Cada elemento de la historia es una figura de la realidad.

Esa madre con su hijo, podemos ser nosotros. No que necesariamente tengamos un hijo, pero ese hijo representa lo más valioso que tenemos en esta vida, la Eucaristía.

La caverna es el mundo, con sus falsos atractivos: el fútbol, el rugby, el jockey, los deportes, las carreras de fórmula uno, o también el shopping, las fiestas, los asados, los amigos, los paseos, los juegos en computadora, el cine. Todo eso son como las monedas de oro, que brillan en la oscuridad, y que nos hacen internar cada vez más en lo oscuro.

El terremoto que hace caer la piedra y obstruye la salida, es el pecado mortal, que nos priva de la luz de Dios, la gracia.

La voz en la gruta, que dice: “¡Ten cuidado! ¡No olvides lo mejor!”, es la voz de la conciencia, que nos advierte cuando estamos por hacer algo malo. No escuchar la voz de la conciencia, nos puede llevar a lamentarlo mucho después, como le ocurrió a la madre de la leyenda.

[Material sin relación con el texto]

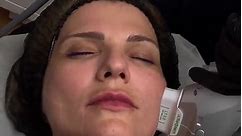 SMAS lifting treatment is indicated for: ✔️ restoration of clarity of the oval face; ✔️ smoothing of nasolabial folds; ✔️ skin tightening in the area around the eyes, forehead, cheeks, neck, eyebrows ✔️ removal of the second chin Also, SMAS lifting is effective for the prevention of age-related changes, slowing down the signs of aging, improving the quality and relief of the skin. Want to create your own transformation story? Book your #SMASLifting appointment with us today! ••••••••••••••••••••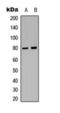 G Protein-Coupled Receptor Kinase 2 antibody, orb393199, Biorbyt, Western Blot image 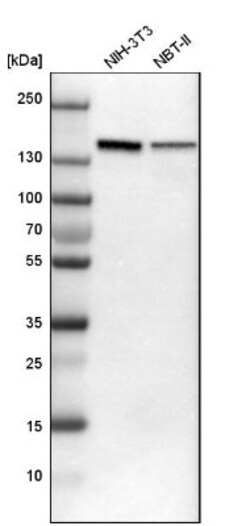 SMARCAD1 Antibody, Novus Biologicals 0.1mL; Unlabeled:Antibodies, Polyclonal
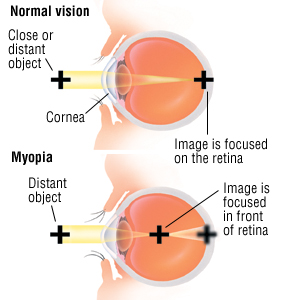 Myopia Snellen Chart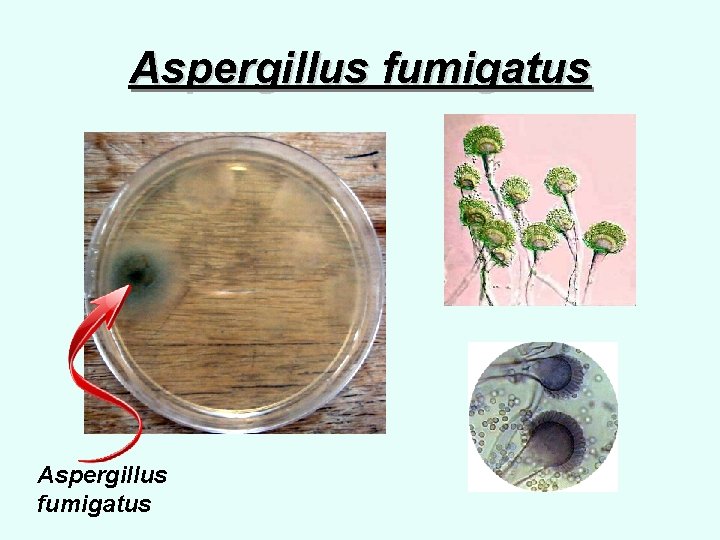 Aspergillus fumigatus 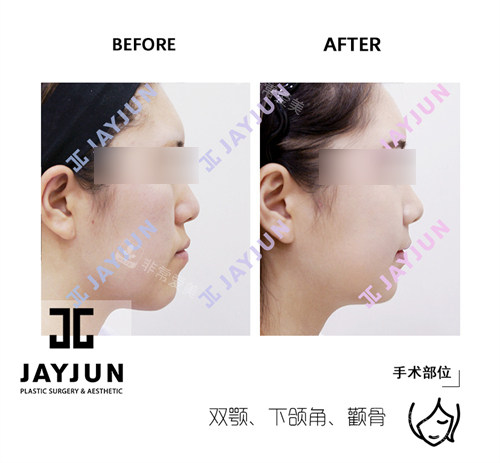 JAYJUN捷埈整形外科&皮膚科面部輪廓手術前后對比圖 JAYJUN捷埈整形外科&皮膚科面部輪廓手術前后對比圖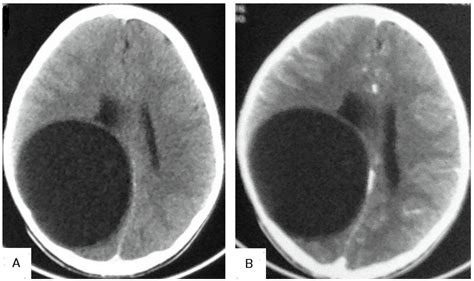 Diagnostics Free Full Text Hydatid Disease A Radiological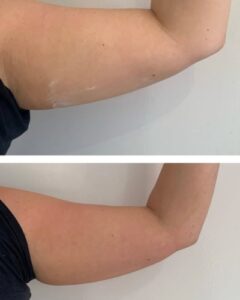 Lemon Fat loss Injection results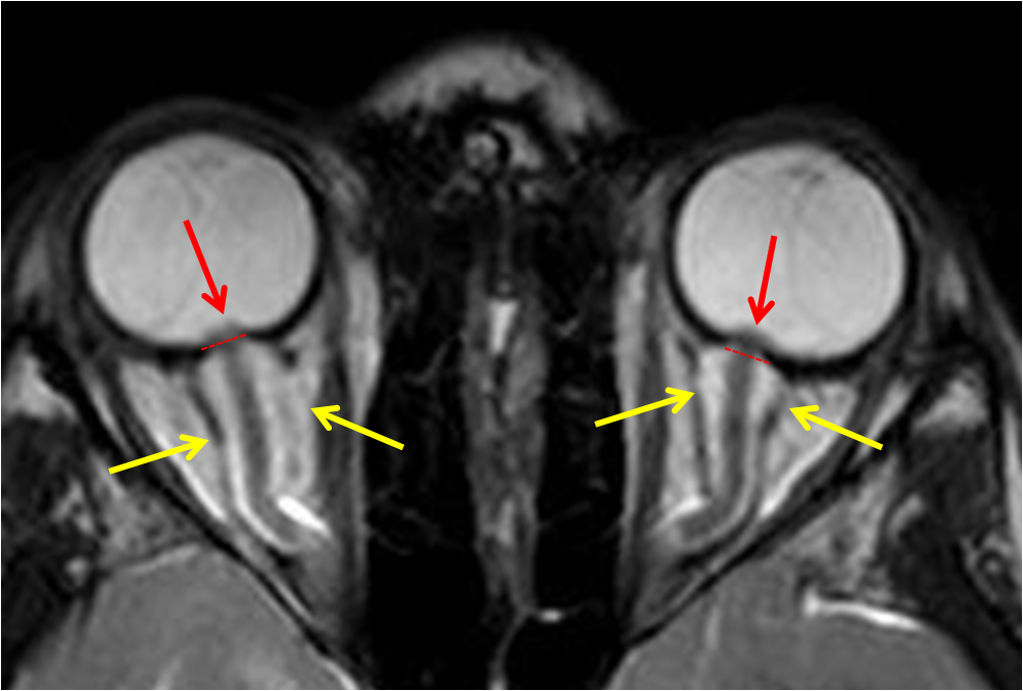 Hypertension intracranienne idiopathique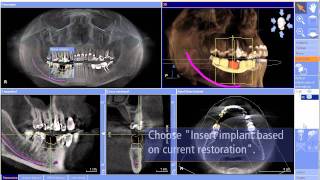 CEREC meet Galileos details en werkwijze bij Henry Schein Nederland [upl. by Nolahc]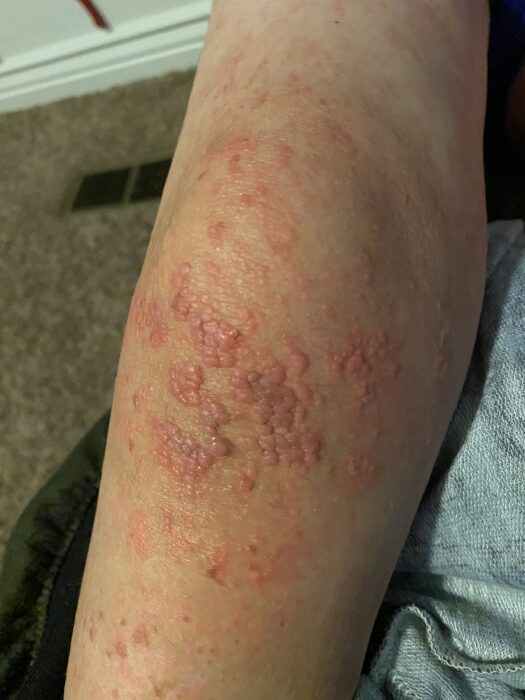 Papillomas in Goltz syndrome appear on the knee of a child affected by the condition.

El niño, es la Eucaristía, Jesús, lo más valioso que tenemos, al cual abandonamos, al preferir dejarnos deslumbrar por los atractivos del mundo, y así dejamos de venir a Misa los domingos.

Cuando estemos tentados de dejar la Misa del Domingo y el Rosario por los falsos atractivos del mundo, escuchemos la voz de la conciencia que nos dice: “¡Ten cuidado! ¡No olvides lo mejor!”.


[1] Cfr. Rüger, L., El maná del niño, Editorial Guadalupe, Buenos Aires 1952, 148.